En somme, cette « année de tous les dangers », encore embrouillée sur sa fin par l'état de santé alarmant du numéro un soviétique Andropov, voit une France active. François Mitterrand se rend également en Chine et reçoit — grande première — le président algérien Chadli à Paris. Le chef de l'État mène une politique étrangère personnelle. L'accueil favorable qu'elle reçoit dans l'opposition s'explique aisément : en période de troubles, le président socialiste montre de la fermeté et n'est pas, sur l'essentiel, avare de solidarité occidentale. Cela complique en revanche ses relations avec le PC. Reste que, sur ce point-là, le bilan apparaît globalement positif pour François Mitterrand : la mauvaise humeur du PCF le sert plutôt, son autorité entamée auprès de l'opinion se relève.

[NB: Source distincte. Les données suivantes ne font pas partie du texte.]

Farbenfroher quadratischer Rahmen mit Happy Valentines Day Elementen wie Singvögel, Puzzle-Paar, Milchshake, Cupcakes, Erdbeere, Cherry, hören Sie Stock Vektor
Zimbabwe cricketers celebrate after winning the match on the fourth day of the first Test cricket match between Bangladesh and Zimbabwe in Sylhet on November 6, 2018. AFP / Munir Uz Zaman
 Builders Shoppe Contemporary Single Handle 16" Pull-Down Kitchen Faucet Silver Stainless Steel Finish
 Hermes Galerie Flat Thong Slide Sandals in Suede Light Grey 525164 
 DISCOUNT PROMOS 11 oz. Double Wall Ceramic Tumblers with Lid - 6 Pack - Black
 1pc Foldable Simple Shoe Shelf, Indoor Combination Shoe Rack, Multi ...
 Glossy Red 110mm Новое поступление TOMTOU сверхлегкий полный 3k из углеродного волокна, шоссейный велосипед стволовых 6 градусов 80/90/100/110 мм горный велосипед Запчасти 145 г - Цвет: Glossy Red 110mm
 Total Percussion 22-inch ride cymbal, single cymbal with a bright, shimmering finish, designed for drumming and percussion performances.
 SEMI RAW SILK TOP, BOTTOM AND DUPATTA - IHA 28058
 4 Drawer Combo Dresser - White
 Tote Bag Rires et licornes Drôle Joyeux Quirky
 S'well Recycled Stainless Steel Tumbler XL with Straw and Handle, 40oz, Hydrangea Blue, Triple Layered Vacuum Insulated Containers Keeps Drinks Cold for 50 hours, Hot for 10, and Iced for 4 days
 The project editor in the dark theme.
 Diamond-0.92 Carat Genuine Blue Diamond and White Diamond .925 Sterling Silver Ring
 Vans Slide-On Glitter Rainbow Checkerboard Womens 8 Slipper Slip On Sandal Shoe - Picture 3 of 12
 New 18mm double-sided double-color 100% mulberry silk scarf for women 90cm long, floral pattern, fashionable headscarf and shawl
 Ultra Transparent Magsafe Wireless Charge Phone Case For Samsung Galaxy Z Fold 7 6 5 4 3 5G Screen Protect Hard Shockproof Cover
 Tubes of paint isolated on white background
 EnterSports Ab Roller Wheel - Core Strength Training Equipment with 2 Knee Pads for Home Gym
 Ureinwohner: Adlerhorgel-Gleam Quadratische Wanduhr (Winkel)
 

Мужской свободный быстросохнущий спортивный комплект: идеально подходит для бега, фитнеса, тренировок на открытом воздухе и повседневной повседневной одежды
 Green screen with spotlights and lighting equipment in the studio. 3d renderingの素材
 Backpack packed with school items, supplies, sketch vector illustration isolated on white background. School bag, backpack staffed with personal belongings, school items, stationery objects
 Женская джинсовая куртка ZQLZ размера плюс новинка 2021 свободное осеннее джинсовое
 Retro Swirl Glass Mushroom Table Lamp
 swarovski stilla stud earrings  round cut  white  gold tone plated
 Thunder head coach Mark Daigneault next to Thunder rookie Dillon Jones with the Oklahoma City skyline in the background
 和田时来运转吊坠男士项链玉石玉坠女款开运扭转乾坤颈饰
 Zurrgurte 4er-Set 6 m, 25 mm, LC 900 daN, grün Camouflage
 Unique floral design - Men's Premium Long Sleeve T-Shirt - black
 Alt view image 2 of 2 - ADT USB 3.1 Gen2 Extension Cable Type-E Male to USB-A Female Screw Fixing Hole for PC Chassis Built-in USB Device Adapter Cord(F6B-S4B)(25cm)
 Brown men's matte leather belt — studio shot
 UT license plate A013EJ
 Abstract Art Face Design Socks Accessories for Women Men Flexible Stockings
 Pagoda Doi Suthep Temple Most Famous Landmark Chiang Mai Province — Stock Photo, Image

Un second souffle pour faire face aux difficultés intérieures

Si le chef de l'État a pu raffermir son autorité personnelle par son action internationale et la présentation qu'il a parfois su en donner, les traverses internes affaiblissent en revanche la gauche. Celle-ci, en effet, paie lourdement le prix électoral de sa politique de rigueur. Sa popularité s'affaisse, les divisions renaissent en son sein. En janvier 1983, depuis sa résidence de Latché (dans les Landes), le chef de l'État avait exprimé à la télévision a volonté de « restituer l'harmonie au corps social français ». Cet objectif, il ne l'atteindra pas en 1983. L'austérité socialiste redouble en effet et ses fruits paraissent acides aux Français. La gauche est mal à l'aise dans cet exercice qu'elle n'avait pas prévu et qu'elle n'aime pas. Cela se sent aussi dans la conduite des affaires.

Inflation
Le recul ?

Au second trimestre 1983, dans tous les pays industrialisés, le taux de progression annuel est, selon les chiffres du FMI, tombé à 5 % contre 5,5 % au premier trimestre et 7,9 % au deuxième trimestre 1982. Mesurée sur douze mois, l'avance des prix de détail s'est ralentie par rapport au printemps dans tous les grands pays, notamment en Italie et en Belgique. Dans quatre pays (Allemagne, Pays-Bas, États-Unis et Japon), l'inflation est passée sous la barre des 3 % en rythme annuel.

Faux pas

Ainsi, dès le mois de janvier, le ministre des Finances Jacques Delors annonce-t-il une baisse des taux d'intérêt sur les livrets de caisse d'épargne que Pierre Mauroy se hâte de démentir. De même, deux mois plus tard, le gouvernement cède, devant la grève des mineurs de Carmaux qui veulent conserver leur emploi dans un bassin déficitaire. En fait, les principaux conflits se situent surtout — en ce début d'année — dans le secteur automobile, et notamment chez Citroën-Aulnay, où la CGT mène la vie dure aux dirigeants d'une firme en difficulté. Des révélations du Canard enchaîné jettent le doute sur les statistiques officielles du chômage. Les cadres s'estiment désavantagés par l'accord sur la retraite complémentaire dès 60 ans, négocié entre le CNPF et les syndicats et ratifié sous les auspices de l'État.

Nouveau plan de rigueur

Edmond Maire, toujours direct, toujours hardi, a fait scandale en en évoquant l'hypothèse dès janvier au sortir d'une entrevue avec le chef de l'État. Le gouvernement a démenti, mais Michel Rocard, le ministre du Plan, a, dans une interview à l'Expansion, admis à son tour qu'il faut dire la vérité devant les échéances difficiles et qu'une baisse du pouvoir d'achat ne peut être écartée. C'est en mars que la nouvelle éclate après un week-end électrique des ministres des Finances des Dix à Bruxelles. Le nouveau réajustement monétaire européen creuse de 8 % la distance avec notre principal partenaire. La France demeure au sein du SME, mais sa monnaie est affaiblie. Un plan d'accompagnement financier draconien doit être mis en place. Des mesures énergiques sont adoptées. Cette fois, bien davantage encore qu'en juin 1982, c'est l'heure de la rigueur socialiste qui sonne et qui modifie largement le paysage politique. Un vaste remaniement ministériel intervient, le plus important depuis l'arrivée de la gauche au pouvoir.